In an ideal world we would honor our gifts everyday, and our gifts could be the perfect banana nut muffin, or child education, or philanthropy.  Some of us have waited to be transformed by a really cool inner gift.  I wanted to be a novelist, and kept waiting for the novel to get written.  I wanted to be a world traveler, and kept waiting for the train to show up.  Finally I thought, “Hmmm.”  With that profound thought a new direction began, one in which I just started doing something.  Anything.  It was poetry, I loved it and it calmed me down on nervous days.  Y’all who were born with a silver keyboard attached to your wrist—well I’m jealous, but as my redheaded grandson says, “You get what you get and you don’t throw a fit.” 

And I’ve been writing, in fits and starts since my Dad died.  A dear friend and sometime muse, Anne Perry, wrangled me into an online poetry group back then, and that Texas group read my sad, wilty little poems and were very kind.  Friend Ronnie Tomanio talked me into reading for a poetry group in Portsmith, NH, and that got a poem published in the local paper.  (yay!)  Thus began the cycle of sending out and waiting, sending out and waiting.  Receiving the many no thank yous.  Finally, Comstock Review accepted a poem and there I was, a REAL poet.  Maybe not a GOOD poet, but earnest and certainly sincere.

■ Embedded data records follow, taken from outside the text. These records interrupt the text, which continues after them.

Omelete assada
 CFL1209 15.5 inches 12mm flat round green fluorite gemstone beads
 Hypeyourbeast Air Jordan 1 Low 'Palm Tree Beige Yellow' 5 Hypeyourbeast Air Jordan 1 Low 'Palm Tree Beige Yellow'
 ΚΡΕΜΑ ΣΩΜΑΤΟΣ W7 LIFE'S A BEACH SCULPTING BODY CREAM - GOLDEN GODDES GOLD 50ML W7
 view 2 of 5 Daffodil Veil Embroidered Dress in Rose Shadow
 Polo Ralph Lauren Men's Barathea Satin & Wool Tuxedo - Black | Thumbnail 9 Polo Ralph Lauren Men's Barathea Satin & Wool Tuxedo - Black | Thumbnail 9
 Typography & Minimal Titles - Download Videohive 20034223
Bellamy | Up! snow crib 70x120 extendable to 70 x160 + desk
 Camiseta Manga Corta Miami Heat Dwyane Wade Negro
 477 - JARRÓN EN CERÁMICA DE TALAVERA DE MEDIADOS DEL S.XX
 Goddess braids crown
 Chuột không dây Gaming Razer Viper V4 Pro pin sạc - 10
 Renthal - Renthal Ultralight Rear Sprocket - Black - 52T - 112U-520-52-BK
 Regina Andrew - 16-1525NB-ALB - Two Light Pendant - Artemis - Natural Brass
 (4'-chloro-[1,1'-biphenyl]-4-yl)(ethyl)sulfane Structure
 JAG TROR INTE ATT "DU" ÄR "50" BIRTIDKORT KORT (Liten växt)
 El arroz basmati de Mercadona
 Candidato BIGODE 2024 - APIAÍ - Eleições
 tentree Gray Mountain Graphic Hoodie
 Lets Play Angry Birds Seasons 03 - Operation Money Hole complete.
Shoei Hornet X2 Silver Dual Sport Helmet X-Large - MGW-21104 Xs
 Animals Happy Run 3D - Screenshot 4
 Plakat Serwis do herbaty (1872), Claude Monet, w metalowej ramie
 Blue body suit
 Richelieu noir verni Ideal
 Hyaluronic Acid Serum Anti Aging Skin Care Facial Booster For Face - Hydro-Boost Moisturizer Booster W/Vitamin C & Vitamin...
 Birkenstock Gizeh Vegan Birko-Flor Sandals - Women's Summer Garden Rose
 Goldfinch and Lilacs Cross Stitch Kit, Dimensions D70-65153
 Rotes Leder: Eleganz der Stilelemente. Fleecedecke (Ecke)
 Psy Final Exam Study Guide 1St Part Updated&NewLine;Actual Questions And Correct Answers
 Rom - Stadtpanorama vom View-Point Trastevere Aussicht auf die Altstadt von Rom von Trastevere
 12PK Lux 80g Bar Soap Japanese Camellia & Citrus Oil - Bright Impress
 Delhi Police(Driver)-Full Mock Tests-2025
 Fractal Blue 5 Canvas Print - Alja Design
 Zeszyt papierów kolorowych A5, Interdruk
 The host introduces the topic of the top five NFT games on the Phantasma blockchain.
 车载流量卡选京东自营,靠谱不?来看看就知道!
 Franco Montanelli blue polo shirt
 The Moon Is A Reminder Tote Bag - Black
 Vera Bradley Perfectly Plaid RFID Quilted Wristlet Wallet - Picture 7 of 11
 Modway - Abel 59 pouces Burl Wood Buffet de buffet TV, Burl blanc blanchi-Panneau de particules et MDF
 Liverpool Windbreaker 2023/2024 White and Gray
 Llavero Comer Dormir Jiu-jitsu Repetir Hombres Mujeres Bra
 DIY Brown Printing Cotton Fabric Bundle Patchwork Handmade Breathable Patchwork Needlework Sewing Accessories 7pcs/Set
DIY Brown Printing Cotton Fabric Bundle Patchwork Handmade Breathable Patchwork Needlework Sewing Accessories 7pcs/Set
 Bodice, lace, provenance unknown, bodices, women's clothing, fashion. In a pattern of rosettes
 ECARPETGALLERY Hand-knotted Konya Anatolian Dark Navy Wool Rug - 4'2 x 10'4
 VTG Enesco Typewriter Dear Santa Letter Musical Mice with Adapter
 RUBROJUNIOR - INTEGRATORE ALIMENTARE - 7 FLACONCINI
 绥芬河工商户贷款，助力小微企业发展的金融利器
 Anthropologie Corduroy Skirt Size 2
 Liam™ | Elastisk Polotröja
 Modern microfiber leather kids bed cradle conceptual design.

Since then there have been more journals saying, “Yes, thank you,” but each time I read over a poem for the second time it looks awful.  Really awful.  Time and rewrites and patience improve subsequent readings, but there is rarely an unflawed jewel. 

Because I’m interested in how poets come to this landing pad so individually, several poet friends will soon be talking about their own work here.  (You know who you are.)  If you are of the poetic bent, please talk to me about your own process.  I've got some questions for you...

Fixing the car was a straightforward task,
like writing a sentence from beginning to end. 
Noun, predicate.  Noun—
Take the wheel off, put the wheel on. 
But entropy works in the smallest corners of the universe,
and chaos manifests in each word—
of every sentence, every leaking valve.
Blown fuses. 
One misplaced lug nut. 
One superfluous adverb.

How can I write poetry when the Napa Auto Parts store
doesn’t carry small yellow boxes neatly labeled,
“angels with rusted wings?” 

(and does that question mark go IN the quotes or OUTSIDE?)


  1. I love this poem. And yes, I would frequent such a store if only we had one!